**GIVEN INFORMATION:**
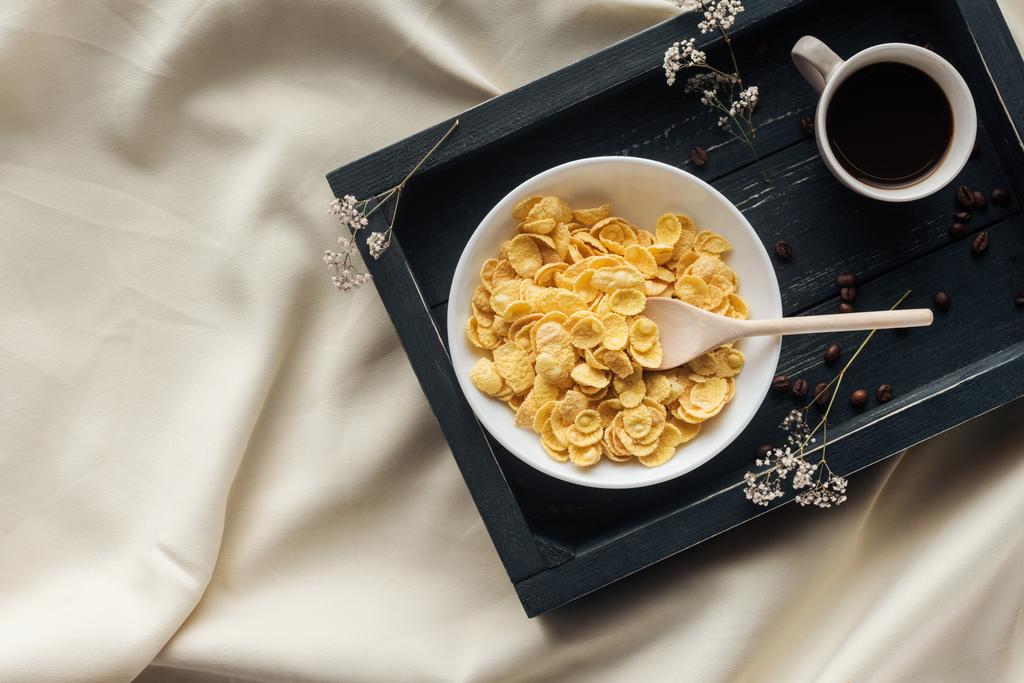 верхний вид на миску хлопьев завтрак с чашкой кофе на подносе на бежевой ткани, завтрак в кровать концепции
 - Фото, изображение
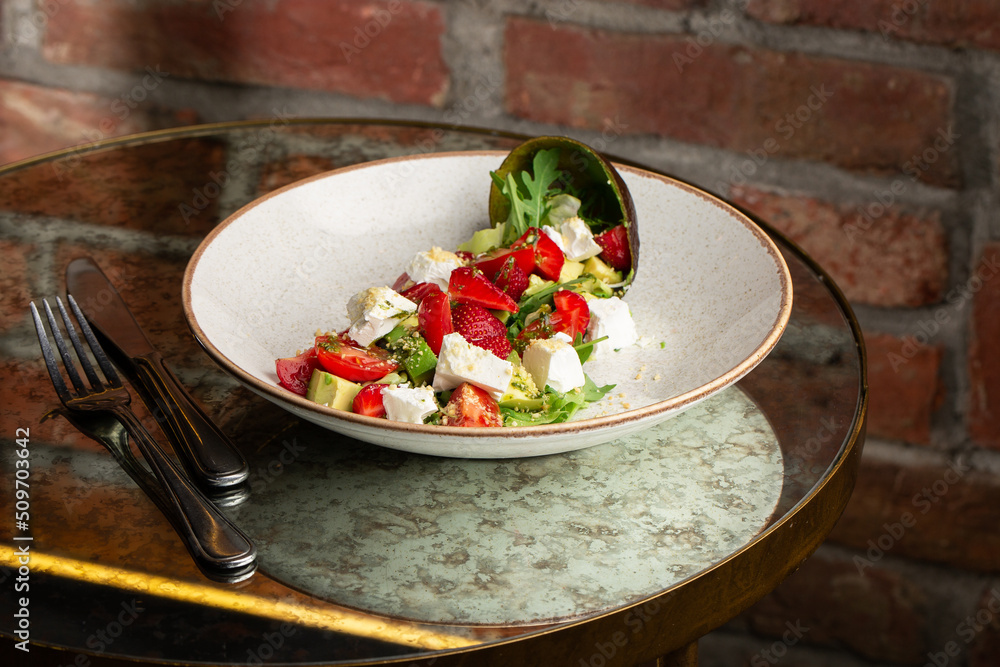 Tasty and healthy salad with arugula, brie cheese, avocado, cherry tomatoes and strawberry. Top view. The flat lay. Banner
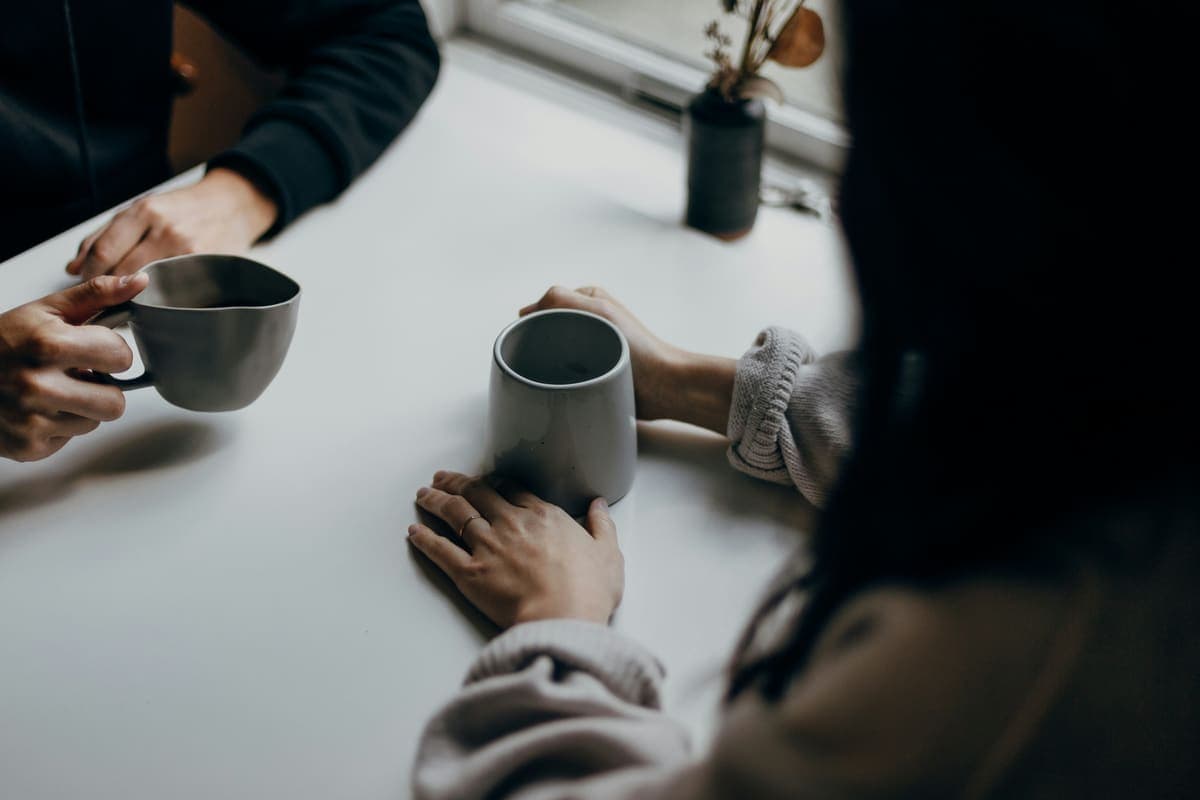 二人がコーヒーを挟んで対話する手元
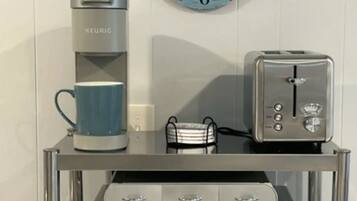 A kitchenette with a coffee maker, toaster, and a clock on the wall.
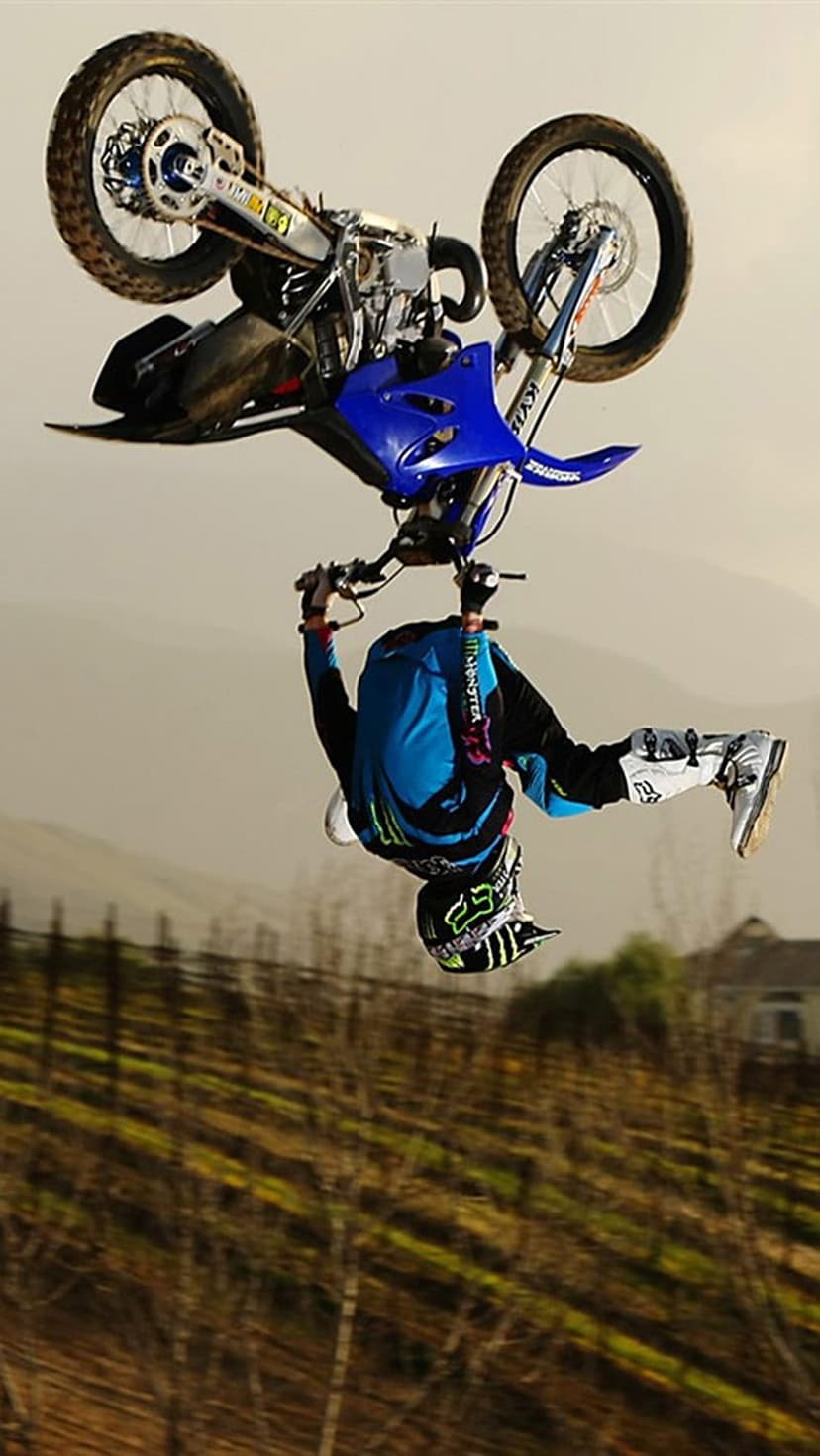 Motocross rider performing an inverted flip mid-air on a dirt bike against a hazy sky and blurred vineyard.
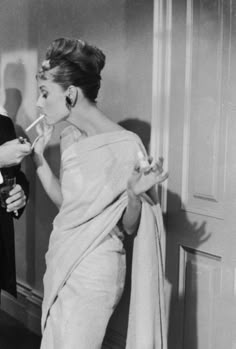 an old photo of a woman brushing her teeth with a man standing next to her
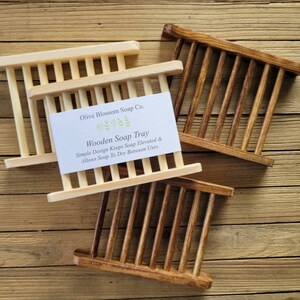 May include: Three wooden soap trays in varying shades of brown and natural wood. The trays have a slatted design with vertical bars. A white card with the text "Wooden Soap Tray" is visible on one tray. The text reads "Simple Design Keeps Soap Elevated & Allows Soap To Dry Between Uses."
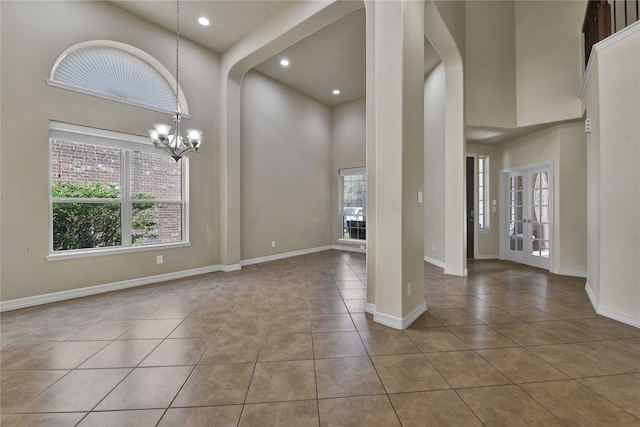 interior space featuring an inviting chandelier, light tile patterned flooring, and a towering ceiling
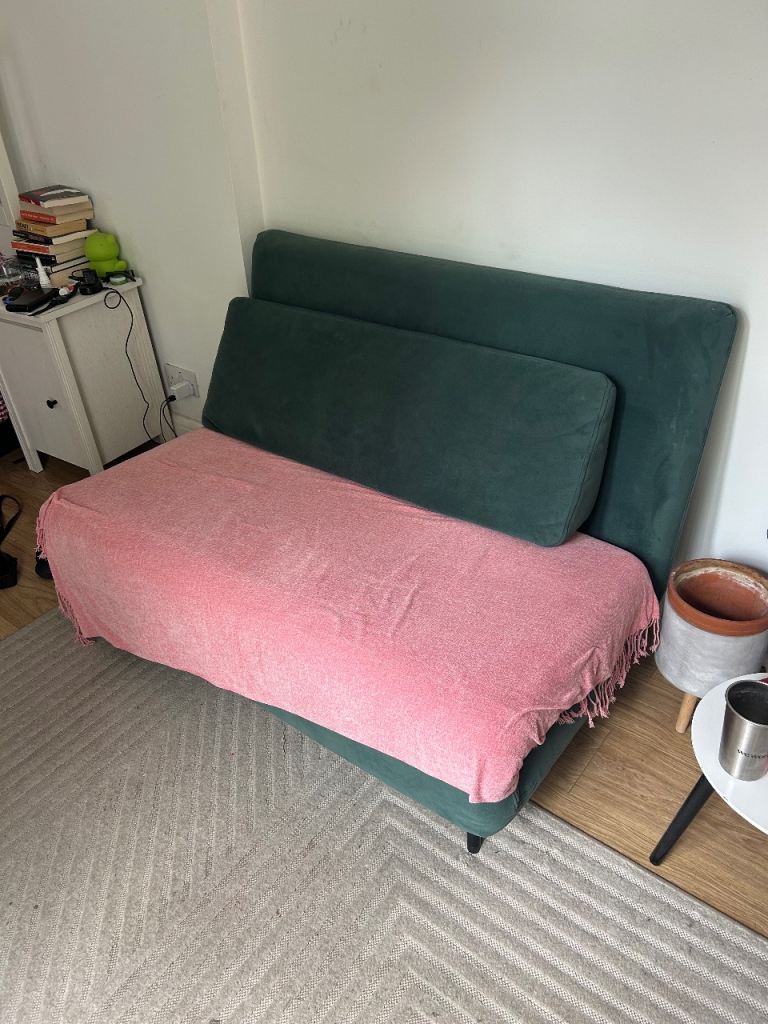 Made green sofa bed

**WHAT YOU SHOULD DO:** Copy exactly the lines from the line containing "- Фото, изображение" through the last line of the records above, both included, and leave out any pictures.

**SOLUTION TO THIS PROBLEM:**
 - Фото, изображение
 Tasty and healthy salad with arugula, brie cheese, avocado, cherry tomatoes and strawberry. Top view. The flat lay. Banner
 二人がコーヒーを挟んで対話する手元
 A kitchenette with a coffee maker, toaster, and a clock on the wall.
 Motocross rider performing an inverted flip mid-air on a dirt bike against a hazy sky and blurred vineyard.
 an old photo of a woman brushing her teeth with a man standing next to her
 May include: Three wooden soap trays in varying shades of brown and natural wood. The trays have a slatted design with vertical bars. A white card with the text "Wooden Soap Tray" is visible on one tray. The text reads "Simple Design Keeps Soap Elevated & Allows Soap To Dry Between Uses."
 interior space featuring an inviting chandelier, light tile patterned flooring, and a towering ceiling
 Made green sofa bed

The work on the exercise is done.